→ Raw data
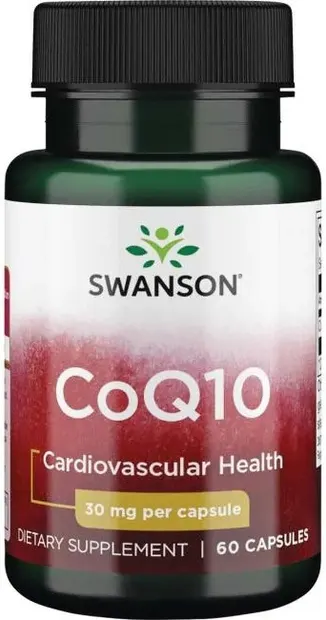 CoQ10, 30 mg, 60 capsule, Swanson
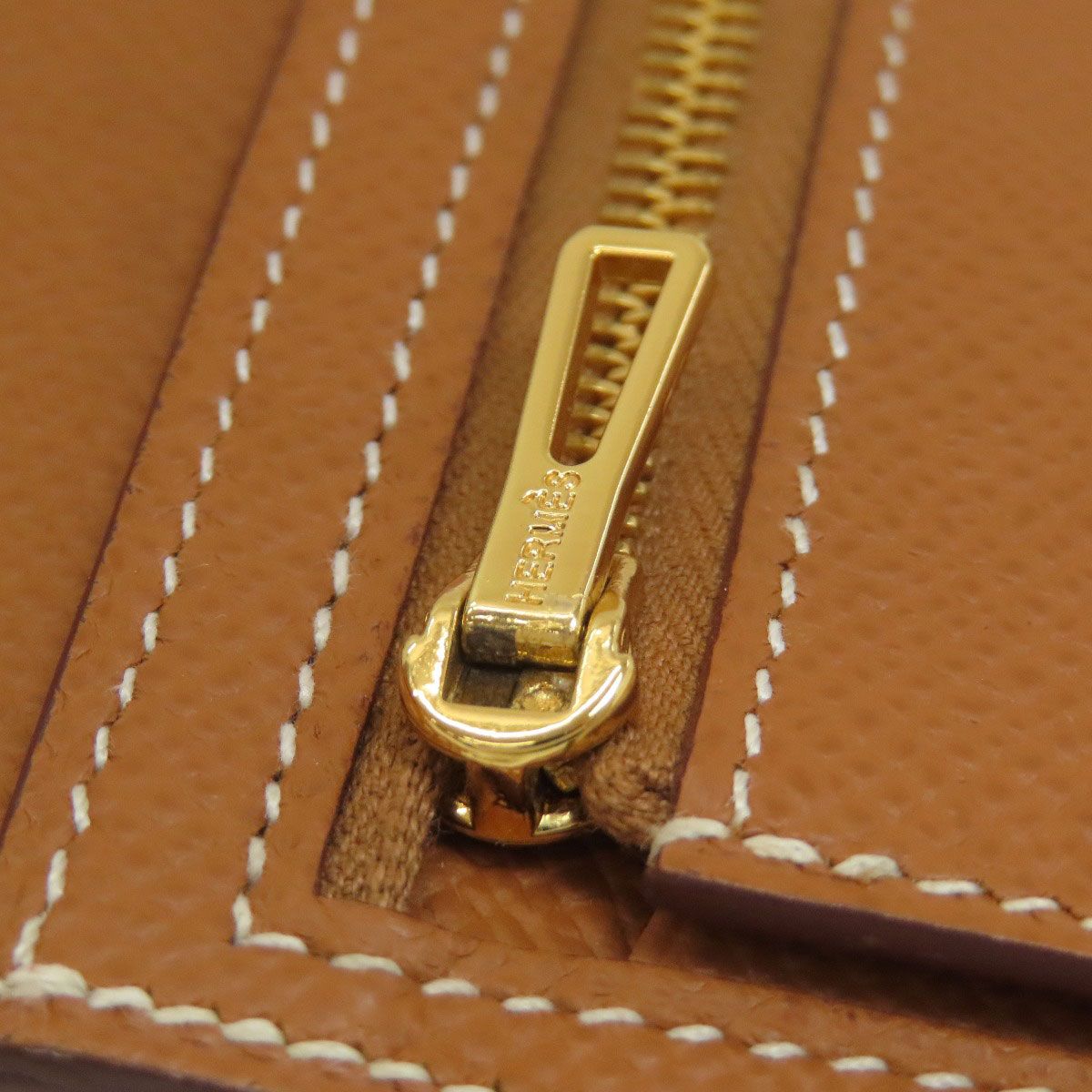 Hermes Bearn Souffle Gold Long Wallet Epsom — view 9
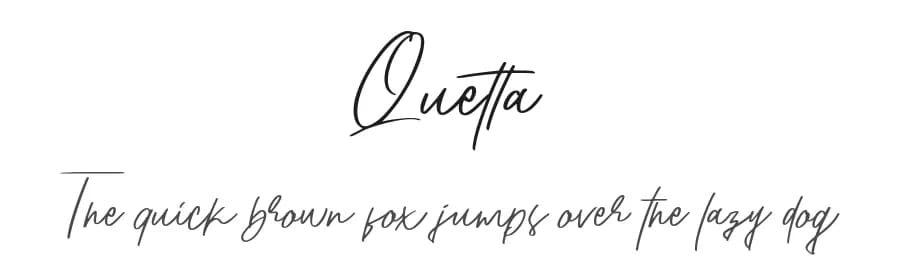 Quetta by Glyphstyle — Script Handwritten Font — preview 1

→ Work instruction
The lines to be extracted begin at the line containing "Hermes Bearn Souffle" and continue through the final line of the material above, both ends included. Reproduce them exactly, without the pictures.

→ Answer box
 Hermes Bearn Souffle Gold Long Wallet Epsom — view 9
 Quetta by Glyphstyle — Script Handwritten Font — preview 1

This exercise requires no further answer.